Prevents the "24 failures before I notice" problem. Runs every 30 minutes, checks the state DB for consecutive failures, and outputs pause instructions:
{
"pause_instructions": [{
"action": "pause",
"job_id": "abc123",
"reason": "3 consecutive failures — auto-paused by Cron Guard"
}]
}
The Cron Guard agent reads this JSON and calls cronjob action=pause with the actual Hermes tool. The split is deliberate: the script detects, the agent acts. Standalone scripts can't call Hermes cron tools — they don't have the execution context.
~/.hermes/
├── state/
│ ├── agent_state.db # SQLite+WAL, chmod 600, 5 tables
│ ├── agent_state_db/ # Python package + CLI
│ └── cron_guard.json # Pause history
├── credential_proxy/
│ ├── credentials.db # Fernet-encrypted, chmod 600
│ ├── .master_key # 44 bytes, chmod 600
│ ├── proxy.sock # Unix socket, chmod 600
│ └── daemon # launchd-managed, auto-restart
├── scripts/
│ ├── pre_cron.py # Unified hook: state DB + context packer
│ ├── context_packer.py # Repo pruner
│ └── cron_guard.py # Failure detector
└── skills/ # 153 skills, now with agent-infra skills
Stack: Python 3.11, SQLite (WAL mode), Fernet (cryptography), launchd (macOS)
1. Infrastructure should be invisible to agents.
The agent shouldn't know about state DB registration or context pruning. It should just see agent_id: xxx and run_id: yyy in its prompt, do its work, and call agent-state run finish at the end. The pre-cron hook handles everything else. Invisible infrastructure is the best infrastructure.
2. Python packages cannot have hyphens.
credential-proxy/ → ModuleNotFoundError. credential_proxy/ → works. Same mistake with Hermes plugins (context_switcher, not context-switcher). Symlinked CLI entrypoints also need hardcoded sys.path because __file__-based resolution breaks through symlinks. Both encoded in memory now, but they each cost 20 minutes of debugging.
3. Atomicity matters — use the database, not application locks.
The first set_state implementation did SELECT version → increment → INSERT. This is a classic read-modify-write race. The fix was one SQL statement: ON CONFLICT DO UPDATE SET version = version + 1 RETURNING version. If two agents increment simultaneously, the database handles it. Application-level locking would have been slower and buggier.
4. "Detect in script, act in agent" is the right split for cron tools.
Cron Guard can't call cronjob action=pause from a standalone Python script — the Hermes tool API requires agent execution context. The pattern: script outputs structured JSON with instructions, the agent reads it and acts.
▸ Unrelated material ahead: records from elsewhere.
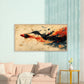 Golden Fish Ink Flow Wall Art Canvas Office Home Room Framed 120x60cm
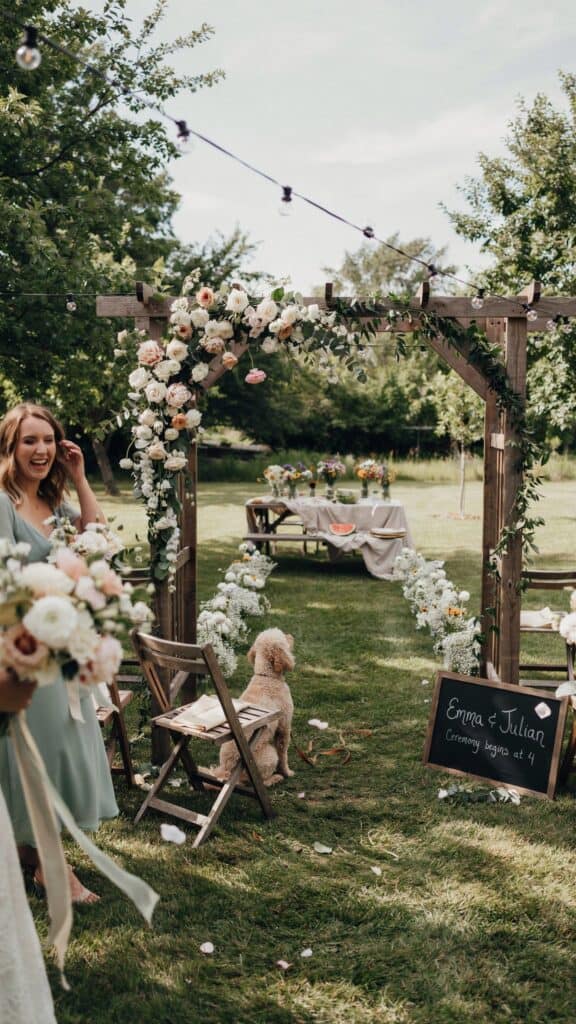 A rustic outdoor wedding setup with floral arch, string lights, and a chalkboard sign; a dog sits nearby on the grass.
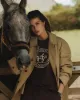 Riding Club Crewneck - Chocolate/Cream sold by Sporty and Rich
This generalizes to any infrastructure tool that needs to call Hermes APIs.
5. Tests at 0.11 seconds are inexcusable to skip.
Eight tests for Agent State DB, 24 for Credential Proxy — both suites run in under 0.15s combined. They caught the get_run overwrite during patching, the RETURNING cursor ordering bug, and the race condition. At this speed, there's no reason not to have them.
6. Credential security is about defense in depth. Fernet encryption at rest (credentials.db), chmod 600 on the DB file, chmod 600 on the master key, chmod 600 on the Unix socket, no network exposure, auto-delete the Chrome CSV after import. Any single layer failing shouldn't expose secrets.
Everything is open-source under MIT:
pip install -e . — 8 tests, 0.05spip install -e . — 24 tests, 0.08s
# Agent State DB
git clone https://github.com/vystartasv/agent-state-db
cd agent-state-db && pip install -e .
# Credential Proxy
git clone https://github.com/vystartasv/credential-proxy
cd credential-proxy && pip install -e .
credential-proxy bootstrap # Import Chrome passwords
credential-proxy serve # Start daemon
If you're running autonomous agents — especially local models, especially from cron — you're going to hit these same four gaps. The infrastructure matters more than the prompts. Feedback welcome.